Aucun des défis internationaux "ne connaît de frontière, c'est pourquoi, plus que jamais aujourd'hui, ceux qui croient pouvoir régler les problèmes du monde par le protectionnisme et l'isolationnisme commettent une énorme erreur", a-t-elle déclaré.
La chancelière s'est fixé comme objectif de la réunion, à laquelle participeront notamment les chefs d'Etat américain et russe, que "les dirigeants (du G20) montrent qu'ils comprennent leur responsabilité" pour la planète tout entière "et l'assument".
Les relations entre Berlin et Washington, au beau fixe sous l'ère Barack Obama, se sont envenimées depuis que son successeur à la Maison Blanche a annoncé le retrait de son pays de l'accord de Paris sur la lutte contre le réchauffement climatique et tient un discours protectionniste en matière commerciale.
- Divergences évidentes -
Donald Trump vise en particulier l'Allemagne et ses exportations automobiles vers les Etats-Unis et a laissé planer la menace de taxes douanières.
Sur le climat, "le désaccord (avec les Etats-Unis) est notoire et il ne serait pas honnête de le masquer. En tout les cas, moi je ne le ferai pas", a dit Angela Merkel.
L'Europe est "plus déterminée que jamais" à combattre le changement climatique après le retrait des Etats-Unis de l'accord de Paris, et cet accord n'est "pas négociable", a-telle encore réaffirmé.
Le sommet du G20 des principales économies mondiales, qui représentent trois quarts du commerce mondial, s'annonce comme une des réunions internationales les plus conflictuelles des dernières années.

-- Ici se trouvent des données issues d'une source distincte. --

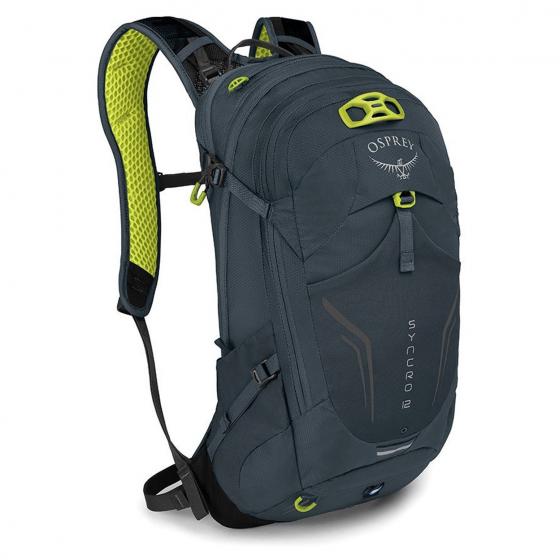 Osprey Syncro 12 Fahrradrucksack
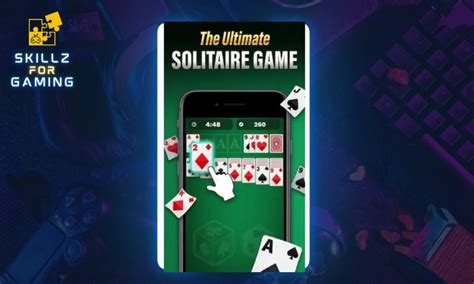 solitaire cube|solitaire cube win real money.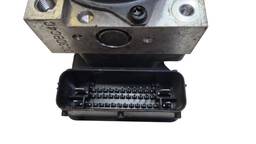 MÓDULO BOMBA ABS HYUNDAI IX35  2011 A 2015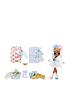 lol-surprise-omg-sweets-fashion-doll-with-20-surprises-for-children-4back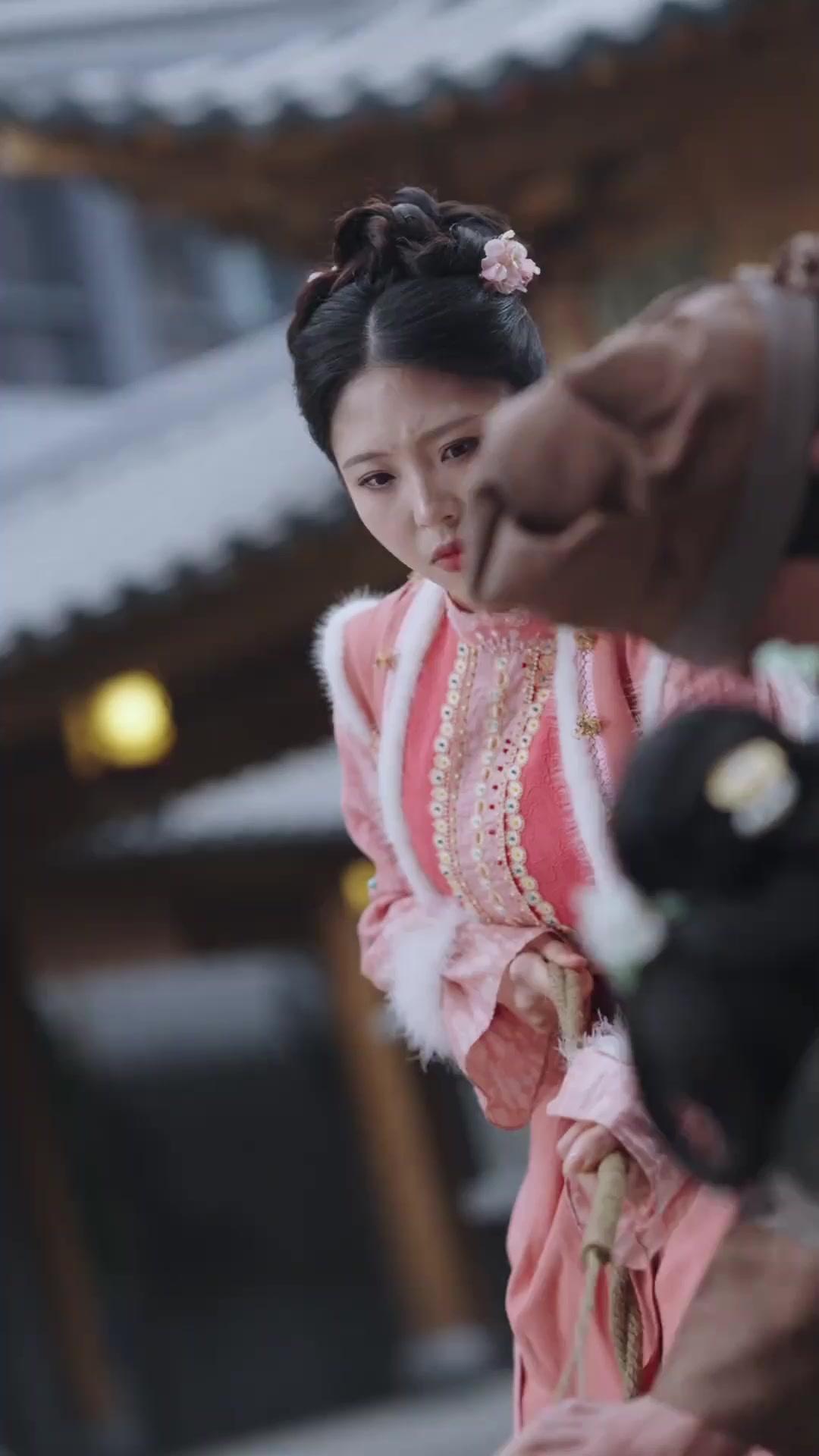 7 Days Left to Be the Prince's Wife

Face aux sujets de discorde avec Washington, la chancelière allemande réunit jeudi en milieu de journée à Berlin plusieurs dirigeants européens, dont le chef de l'Etat français Emmanuel Macron et la Première ministre britannique Theresa May, afin de constituer un front uni.
Selon des diplomates, les travaux préparatoires du G20 pour aboutir à une déclaration commune se révèlent jusqu'ici "très difficiles".
Le chef de la diplomatie allemande Sigmar Gabriel accuse lui Washington de volonté de sabotage.
- 'Péninsule asiatique' -
"Il n'y a pas de stratégie anti-américaine, et certainement pas de la part du gouvernement allemand, mais il y a des stratèges américains qui planifient une politique anti-Europe et anti-Allemagne", a-t-il clamé mardi.
Compte tenu des difficultés avec Washington, Angela Merkel a aussi entrepris en vue du G20 de nouer des alliances sur les sujets du climat ou du commerce avec les puissances émergentes asiatique comme l'Inde ou la Chine. Ce qui ne l'empêche de se méfier des ambitions de Pékin.
Elle a mis en garde, dans une interview jeudi, contre l'expansionnisme économique de la Chine, qui considère à ses yeux l'Europe "comme une péninsule asiatique". "L'Europe doit travailler d'arrache-pied à défendre son influence", a-t-elle ajouté, apportant son soutien au projet de M. Macron visant à mieux défendre au plan européen les secteurs industriels stratégiques des appétits étrangers.
Ce soutien illustre la dynamique retrouvée dans la relation avec la France même si une forme de compétition pour le leadership en Europe se dessine entre les deux dirigeants.
Le chef de l'Etat français vient de réussir deux "coups" diplomatiques, en faisant venir le président russe Vladimir Poutine à Paris et en obtenant la venue de Donald Trump pour le 14 juillet.
Outre les divergences avec Donald Trump, d'autres sujets de conflits risquent de parasiter le G20.
Berlin a ainsi rejeté jeudi une demande du chef de l'Etat turc Recep Tayyip Erdogan de s'adresser à ses compatriotes en marge du sommet, dans un contexte très tendu entre les deux pays depuis des mois.